During an appearance today on CNN's New Day, Lord also connected Jorge Ramos to mass shooters in Virginia and Charleston.
When asked about potential solutions to shootings, Lord said that "when you read this guy's manifesto ... he was into a race war. A reaction, which he mentioned, of the Charleston shooting. And that guy was motivated by race." He then connected the mass-shooters to Ramos, stating: "I'm suggesting here that instead of dividing the country by race, which is what we seem to do, which is what, for instance, Jorge Ramos was all about in that press conference. It's all about the race of people. We shouldn't be going down that path." From CNN:
LORD: You know, two things that are not being discussed here at all when you read this guy's manifesto, one is race and the other is value of life. And what do we have here? We have this whole Planned Parenthood issue going on in which basically they're selling baby parts, devaluing life.
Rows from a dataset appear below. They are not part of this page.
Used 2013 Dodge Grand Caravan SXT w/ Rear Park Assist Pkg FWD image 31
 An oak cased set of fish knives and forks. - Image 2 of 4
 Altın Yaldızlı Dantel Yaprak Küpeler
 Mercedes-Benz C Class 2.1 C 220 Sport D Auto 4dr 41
ALISYN CAMEROTA: But how is that connected to a man who's just, who feels slighted and decides that killing other people is the answer?
LORD: Right. In other words he's not valuing life. He didn't value the lives of the people that he killed. And aside from that, he was into a race war. A reaction, which he mentioned, of the Charleston shooting. And that guy was motivated by race. So I'm suggesting here that instead of dividing the country by race, which is what we seem to do, which is what, for instance, Jorge Ramos was all about in that press conference. It's all about the race of people. We shouldn't be going down that path. This is a color blind country, that was Dr. King's goal, that's where we should be headed, and I think that is something that we should be discussing as well as mental illness and guns.
Lord has a history of pushing fringe rhetoric and misinformation. He engaged in a "profoundly ahistorical" crusade to deny the lynching of a black man, has repeatedly defended Trump's false anti-Mexican immigrant rhetoric, and pushed bogus conspiracies about progressives and Democrats.
Despite his history, CNN hired Lord as a CNN political commentator earlier this month.